• WORK REQUIRED
Look below for the line that contains "Pantalón Mujer Crudo Cargo Recto Sioux-3", then copy it and each following line exactly, through and including the line that contains "2025年的贷款不看征信的靠".

Stored data entries:
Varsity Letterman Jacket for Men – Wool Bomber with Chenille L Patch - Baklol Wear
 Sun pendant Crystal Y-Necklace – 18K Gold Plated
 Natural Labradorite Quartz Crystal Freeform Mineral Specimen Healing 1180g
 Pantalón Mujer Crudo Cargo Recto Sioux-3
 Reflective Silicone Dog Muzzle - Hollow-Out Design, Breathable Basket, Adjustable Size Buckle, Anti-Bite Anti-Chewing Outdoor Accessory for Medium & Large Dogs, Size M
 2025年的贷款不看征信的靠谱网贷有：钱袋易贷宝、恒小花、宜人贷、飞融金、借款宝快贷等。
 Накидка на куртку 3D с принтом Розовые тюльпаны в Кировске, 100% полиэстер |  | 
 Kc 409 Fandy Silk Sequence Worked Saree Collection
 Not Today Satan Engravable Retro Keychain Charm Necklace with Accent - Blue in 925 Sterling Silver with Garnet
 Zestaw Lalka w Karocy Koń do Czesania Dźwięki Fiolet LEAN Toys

• SOLUTION FOR THIS TASK
 Pantalón Mujer Crudo Cargo Recto Sioux-3
 Reflective Silicone Dog Muzzle - Hollow-Out Design, Breathable Basket, Adjustable Size Buckle, Anti-Bite Anti-Chewing Outdoor Accessory for Medium & Large Dogs, Size M
 2025年的贷款不看征信的靠谱网贷有：钱袋易贷宝、恒小花、宜人贷、飞融金、借款宝快贷等。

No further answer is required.